Years of math competition dominance followed, first with Math Counts, then through the American Regional Mathematics League. On weekends, his parents drove him roughly an hour from their home in Dresher, Pennsylvania, to Lehigh University, where he and his teammates worked on speed, competition strategy, and depth of knowledge. He captained the team from eighth grade through senior year; they won the national championship in each of his last three years, vanquishing rivals from prep schools across the country. “Every round was intense and exciting,” he says. “For me, it was just as much about the thrill of the competition as it was about trying to solve the math problem.”

By the time he arrived at Harvard in 2011, Zauzmer knew he’d likely concentrate in math or applied math (eventually taking the applied route). On breaks from school, when he had a bit more time, he found some time to explore another interest: movies. “I was on a pretty late schedule, being a college kid, and I would often stay up late past the rest of my family and watch a movie,” he recalls. “I was able to very quickly get through the American Film Institute’s Top 100, every Best Picture winner, and so on. And that’s where this interest really started to blossom.”

In the runup to the 2012 Oscars, he was studying in the empty forum at the Kennedy School when his mind began to wander. He loved reading mathematical baseball and political predictions, and thought surely someone had done the same for the Oscars. When he couldn’t find anything, he decided to do it himself. “I basically camped out for a month in Lamont Library,” he says: “found a really comfy chair right in the middle of the third floor, and gathered as much data as I possibly could.” 

He found that some factors often considered important to Oscars predictors weren’t really that significant. A movie’s box-office numbers, which he had assumed would carry weight, had little predictive value. Much more significant were the results of the individual guild awards leading up to the Academy Awards, like those for writers, screen actors, and producers. While the guild-award voters don’t line up exactly with Oscar voters, he says, there’s enough overlap that these specialized award shows serve as an “early warning sign.” 

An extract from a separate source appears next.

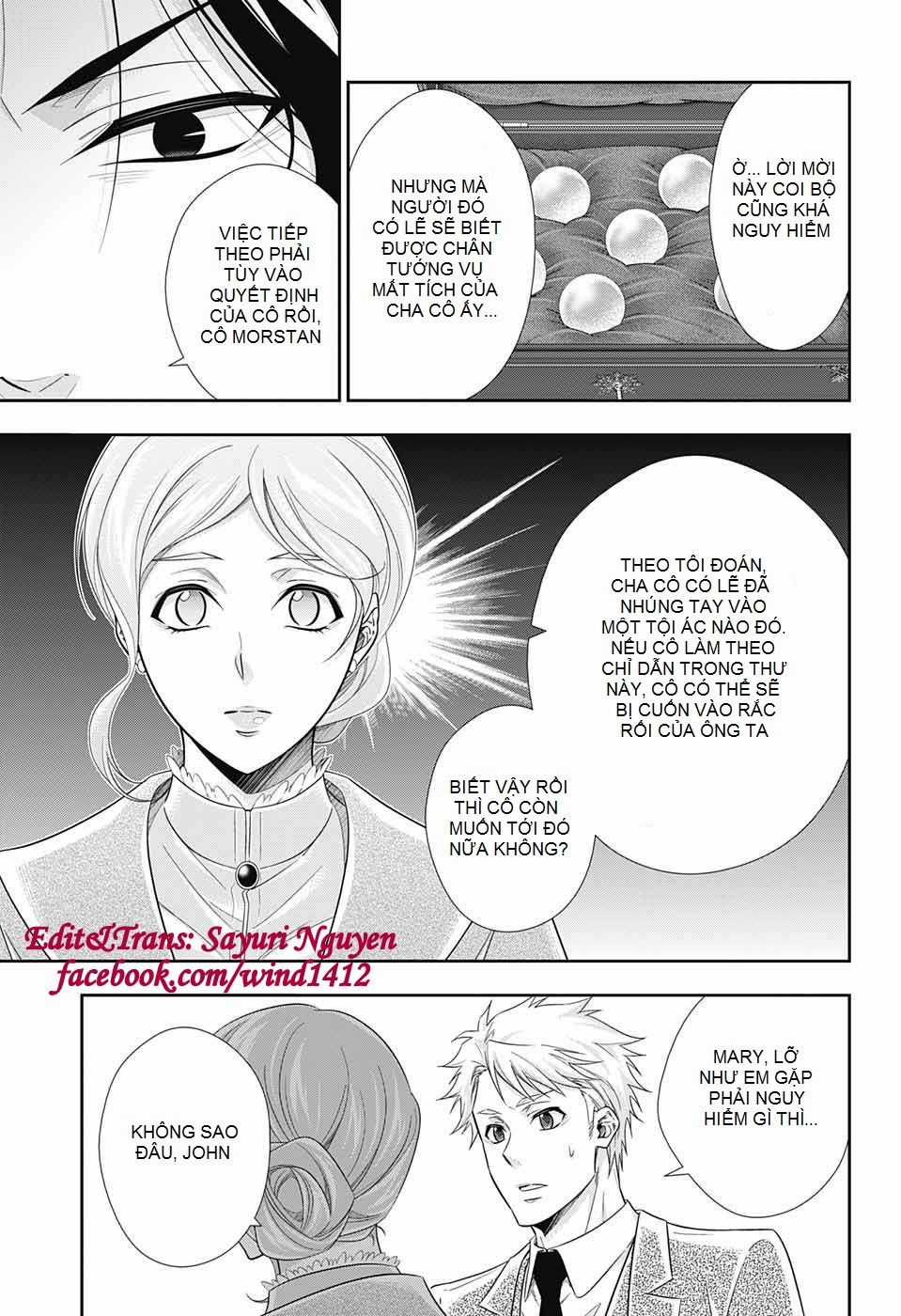 Yukoku No Moriarty - Chapter 40 - Trang 25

In his “Oscarmetrics” model, each award prediction receives individual treatment. For one Oscar, the most important factor might be the corresponding guild award. In another, a movie’s aggregated score on the site Rotten Tomatoes may hold sway. People often ask him what the single best predictor is across the board, and his answer, as of now, is the British Academy Film Awards (the BAFTAs)—the Oscars’ British equivalent. But his models pull from less publicized sources, too. “The Critics Circle in Phoenix goes back a ways and has done a reasonably good job,” Zauzmer explains. So have the equivalents in St. Louis and Dallas. “The more prominent ones in New York and Los Angeles actually don’t do as good a job….They might be more comfortable going their own way.”

 

Of course, he admits, mathematical predictions are imperfect. If there’s a late-breaking news story that may make Academy voters shift their views, he says that human intuition does a much better job than a computer. He speculates, for example, that the Russian doping film Icarus might have seen its “Best Documentary” odds increase due to the Oscars’ proximity to the 2018 Winter Olympics. Still, his picks overall hit at a rate of 77 percent—comparable to other expert predictions. 

Zauzmer stresses that his analyses don’t judge movie quality. “You can’t use math to say what was truly the best movie of the year,” he says. “That’s not what I’m trying to do.” He’s trying to predict how a group of voters will most likely behave. “The math this year might pick 1917 to win Best Picture. That doesn’t mean I’ve proven it was the best-made movie of the year.” 

As Oscars season comes to a close, Zauzmer’s job as manager of baseball analytics for the Los Angeles Dodgers will kick back into gear. But that doesn’t mean he’ll stop watching, or ranking, movies. “This will not shock you,” he says. “I actually keep a full top 100 on my computer.”